A difficulty of the Good Friday Agreement is the lack of clarity around the precise criteria required to trigger a border poll. Is it election results to Westminster? The Stormont Assembly? Or council elections? Or something else entirely? That the decision lies with a British government led by an untrustworthy Prime Minister Boris Johnson is not good. What is clear though, is that a 50 percent plus one vote in a referendum is enough to exit the Union and reunify our country. So let`s examine how the evidence for or against a referendum stacks up?
The North has 8 unionist MPs yet 9 pro United Ireland MPs and 1 Alliance MP. Every inch of the 310 mile border is represented by United Ireland MPs. If we take the number of MPs as a measure then time for a border poll.

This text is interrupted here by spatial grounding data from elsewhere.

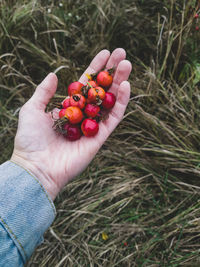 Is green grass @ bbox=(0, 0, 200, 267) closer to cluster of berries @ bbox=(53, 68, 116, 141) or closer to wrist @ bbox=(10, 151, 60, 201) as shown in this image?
cluster of berries @ bbox=(53, 68, 116, 141)

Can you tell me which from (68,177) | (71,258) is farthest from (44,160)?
(71,258)

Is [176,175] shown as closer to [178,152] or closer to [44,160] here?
[178,152]

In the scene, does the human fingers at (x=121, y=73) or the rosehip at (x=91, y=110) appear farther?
the human fingers at (x=121, y=73)

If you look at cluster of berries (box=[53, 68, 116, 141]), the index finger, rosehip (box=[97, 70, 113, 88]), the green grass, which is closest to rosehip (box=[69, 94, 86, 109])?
cluster of berries (box=[53, 68, 116, 141])

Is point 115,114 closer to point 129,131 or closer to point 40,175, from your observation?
point 129,131

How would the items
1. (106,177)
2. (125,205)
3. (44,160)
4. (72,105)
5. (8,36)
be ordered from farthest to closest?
(8,36), (106,177), (125,205), (72,105), (44,160)

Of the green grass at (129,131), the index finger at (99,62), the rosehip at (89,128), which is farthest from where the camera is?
the index finger at (99,62)

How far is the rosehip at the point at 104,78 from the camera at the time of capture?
2.90m

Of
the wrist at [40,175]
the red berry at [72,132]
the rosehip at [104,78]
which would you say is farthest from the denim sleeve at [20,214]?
the rosehip at [104,78]

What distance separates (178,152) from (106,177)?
39.6 inches

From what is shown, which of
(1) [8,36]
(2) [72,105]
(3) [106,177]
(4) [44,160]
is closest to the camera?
(4) [44,160]

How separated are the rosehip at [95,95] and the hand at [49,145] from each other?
0.68ft

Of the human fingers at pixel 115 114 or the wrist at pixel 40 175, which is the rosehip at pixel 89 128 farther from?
the wrist at pixel 40 175

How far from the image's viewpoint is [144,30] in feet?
12.5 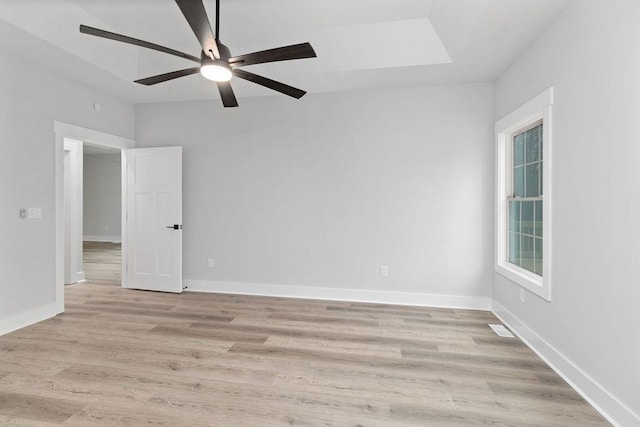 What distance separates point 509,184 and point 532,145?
62 cm

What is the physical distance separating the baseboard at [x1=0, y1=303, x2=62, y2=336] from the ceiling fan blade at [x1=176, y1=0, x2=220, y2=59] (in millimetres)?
3332

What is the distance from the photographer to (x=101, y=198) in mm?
10414

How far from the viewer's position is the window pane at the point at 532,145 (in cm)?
312

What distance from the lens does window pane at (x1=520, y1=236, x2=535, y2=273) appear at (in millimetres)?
3234

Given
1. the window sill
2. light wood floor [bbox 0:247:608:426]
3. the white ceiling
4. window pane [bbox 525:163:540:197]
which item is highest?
the white ceiling

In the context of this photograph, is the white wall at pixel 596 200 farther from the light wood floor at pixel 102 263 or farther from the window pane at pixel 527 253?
the light wood floor at pixel 102 263

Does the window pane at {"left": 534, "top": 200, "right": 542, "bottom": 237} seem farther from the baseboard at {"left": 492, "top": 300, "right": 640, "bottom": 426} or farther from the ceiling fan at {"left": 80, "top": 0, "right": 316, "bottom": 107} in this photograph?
the ceiling fan at {"left": 80, "top": 0, "right": 316, "bottom": 107}

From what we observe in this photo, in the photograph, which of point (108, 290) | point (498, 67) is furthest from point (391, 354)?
point (108, 290)

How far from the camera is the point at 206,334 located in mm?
3172

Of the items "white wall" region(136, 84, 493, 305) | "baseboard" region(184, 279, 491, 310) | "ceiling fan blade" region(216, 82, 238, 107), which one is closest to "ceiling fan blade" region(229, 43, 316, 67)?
"ceiling fan blade" region(216, 82, 238, 107)

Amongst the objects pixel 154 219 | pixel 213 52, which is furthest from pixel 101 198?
pixel 213 52

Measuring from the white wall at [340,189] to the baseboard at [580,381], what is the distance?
3.47ft

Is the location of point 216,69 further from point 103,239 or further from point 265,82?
point 103,239

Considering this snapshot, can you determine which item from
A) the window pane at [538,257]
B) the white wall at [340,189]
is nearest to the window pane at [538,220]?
the window pane at [538,257] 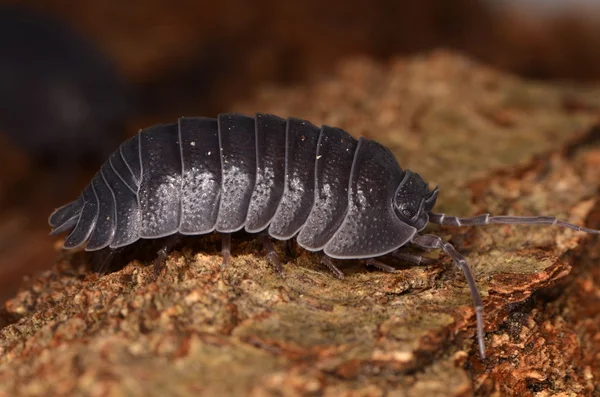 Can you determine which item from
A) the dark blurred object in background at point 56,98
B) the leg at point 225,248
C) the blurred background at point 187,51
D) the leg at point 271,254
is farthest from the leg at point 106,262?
the dark blurred object in background at point 56,98

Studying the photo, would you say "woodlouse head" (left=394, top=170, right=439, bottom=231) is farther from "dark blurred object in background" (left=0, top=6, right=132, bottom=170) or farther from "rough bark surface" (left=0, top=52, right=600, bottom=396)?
"dark blurred object in background" (left=0, top=6, right=132, bottom=170)

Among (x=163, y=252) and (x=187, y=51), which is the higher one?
(x=187, y=51)

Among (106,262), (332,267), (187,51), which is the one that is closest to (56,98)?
(187,51)

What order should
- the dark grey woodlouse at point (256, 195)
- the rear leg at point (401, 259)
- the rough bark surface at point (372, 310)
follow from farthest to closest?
the rear leg at point (401, 259), the dark grey woodlouse at point (256, 195), the rough bark surface at point (372, 310)

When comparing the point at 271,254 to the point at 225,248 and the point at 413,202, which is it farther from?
the point at 413,202

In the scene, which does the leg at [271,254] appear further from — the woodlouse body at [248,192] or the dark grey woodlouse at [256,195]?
the woodlouse body at [248,192] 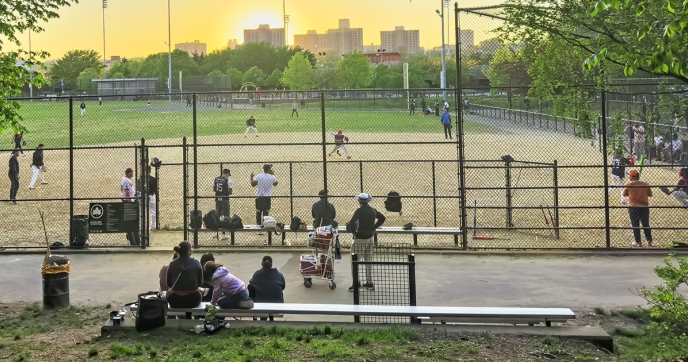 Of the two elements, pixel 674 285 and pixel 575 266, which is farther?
pixel 575 266

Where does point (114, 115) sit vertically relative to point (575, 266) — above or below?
above

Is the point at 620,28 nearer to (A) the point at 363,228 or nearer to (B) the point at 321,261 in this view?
(A) the point at 363,228

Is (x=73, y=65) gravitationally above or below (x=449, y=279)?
above

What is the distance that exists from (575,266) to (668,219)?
20.7 feet

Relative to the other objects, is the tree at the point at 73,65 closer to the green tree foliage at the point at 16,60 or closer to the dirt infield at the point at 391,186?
the dirt infield at the point at 391,186

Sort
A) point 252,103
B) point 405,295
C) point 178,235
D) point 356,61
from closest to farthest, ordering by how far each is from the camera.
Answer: point 405,295, point 178,235, point 252,103, point 356,61

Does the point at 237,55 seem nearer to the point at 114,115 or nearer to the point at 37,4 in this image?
A: the point at 114,115

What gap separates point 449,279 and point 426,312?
155 inches

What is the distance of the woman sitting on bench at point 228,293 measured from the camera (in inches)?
407

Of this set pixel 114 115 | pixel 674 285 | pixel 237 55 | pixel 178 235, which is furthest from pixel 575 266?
pixel 237 55

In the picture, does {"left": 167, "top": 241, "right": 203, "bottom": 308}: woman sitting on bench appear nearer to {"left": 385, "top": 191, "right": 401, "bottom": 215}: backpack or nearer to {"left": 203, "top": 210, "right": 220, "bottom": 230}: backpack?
{"left": 203, "top": 210, "right": 220, "bottom": 230}: backpack

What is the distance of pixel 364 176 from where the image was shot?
28938 mm

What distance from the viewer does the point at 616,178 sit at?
2380 cm

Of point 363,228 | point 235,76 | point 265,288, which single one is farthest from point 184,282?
point 235,76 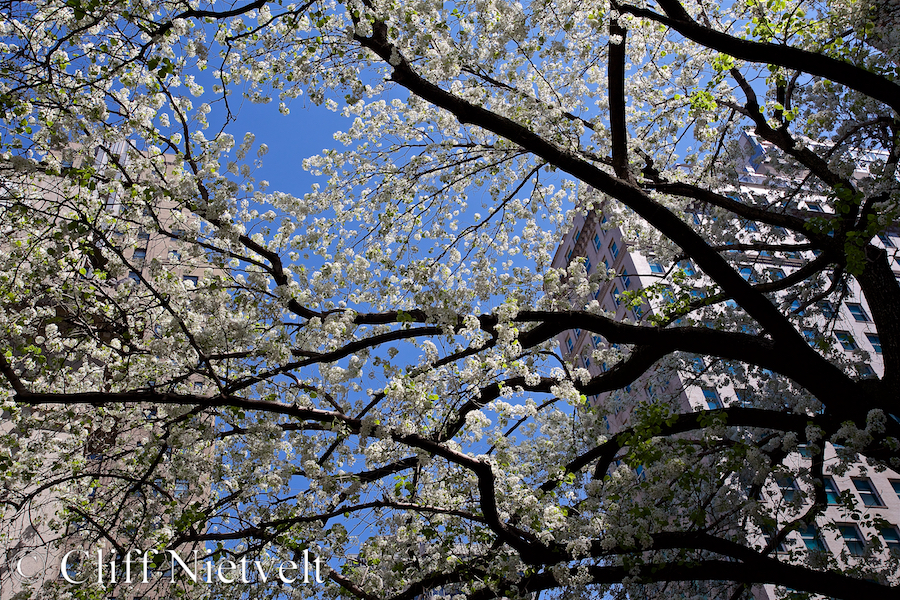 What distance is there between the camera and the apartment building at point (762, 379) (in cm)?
834

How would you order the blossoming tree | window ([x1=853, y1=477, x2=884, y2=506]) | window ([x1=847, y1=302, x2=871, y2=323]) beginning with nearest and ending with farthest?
the blossoming tree, window ([x1=853, y1=477, x2=884, y2=506]), window ([x1=847, y1=302, x2=871, y2=323])

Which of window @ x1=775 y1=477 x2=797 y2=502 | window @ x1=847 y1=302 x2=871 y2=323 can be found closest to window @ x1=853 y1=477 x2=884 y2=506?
window @ x1=775 y1=477 x2=797 y2=502

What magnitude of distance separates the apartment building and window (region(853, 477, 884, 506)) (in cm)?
4

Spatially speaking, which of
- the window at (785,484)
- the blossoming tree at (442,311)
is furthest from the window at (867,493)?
the blossoming tree at (442,311)

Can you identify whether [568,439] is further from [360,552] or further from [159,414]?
[159,414]

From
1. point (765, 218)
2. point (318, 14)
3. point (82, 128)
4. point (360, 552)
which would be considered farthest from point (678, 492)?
point (82, 128)

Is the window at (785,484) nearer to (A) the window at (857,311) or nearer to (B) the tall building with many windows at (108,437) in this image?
(B) the tall building with many windows at (108,437)

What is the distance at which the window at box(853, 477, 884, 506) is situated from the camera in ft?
82.9

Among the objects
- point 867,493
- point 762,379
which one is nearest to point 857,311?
point 867,493

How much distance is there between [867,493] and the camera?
25297 mm

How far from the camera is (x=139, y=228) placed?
8.15 m

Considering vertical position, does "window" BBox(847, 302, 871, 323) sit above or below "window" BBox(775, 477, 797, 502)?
above

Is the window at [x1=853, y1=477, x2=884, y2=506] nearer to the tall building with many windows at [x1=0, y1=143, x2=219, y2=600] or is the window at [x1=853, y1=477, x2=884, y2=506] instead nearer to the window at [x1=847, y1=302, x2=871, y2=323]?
the window at [x1=847, y1=302, x2=871, y2=323]

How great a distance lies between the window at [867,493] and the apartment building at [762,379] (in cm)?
4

Unionists have lost their majority in Council elections, Assembly elections and Westminster elections. Their story is one of decline at every single election. 100 years ago the statelet was deliberately gerrymandered to ensure a 2 to 1 unionist majority into perpetuity. That numerical dominance is over. In only two counties in the north of Ireland do unionists outnumber nationalists – Antrim and Down. But even here they fall just short of over 50 percent in both. In contrast, nationalists not only outnumber unionists in Armagh, Fermanagh, Derry and Tyrone but they are an absolute majority in each with 54%, 53%, 61% and 60% respectively. The two biggest cities Belfast and Derry elect more United Irelanders than unionists.
After every election the Union gets weaker and the pro-unity case stronger. To be clear, we are now well past the point where a majority any longer exists for the Union. It has gone and it’s not coming back. In any other democratic society that would be sufficient reason to trigger a border poll and test public opinion. To demand as the British PM and his Secretary of State for Northern Ireland do that nationalists must be in a majority to have a referendum but unionists can maintain the status quo without a majority is fast becoming an issue of Equality.
In the recent Assembly elections the number of votes for parties and independent candidates choosing a pro-UK position is 363,891 (42.1%). The number backing pro-Irish unity is 358,768 (41%). A difference of just 5,123 (1.1%).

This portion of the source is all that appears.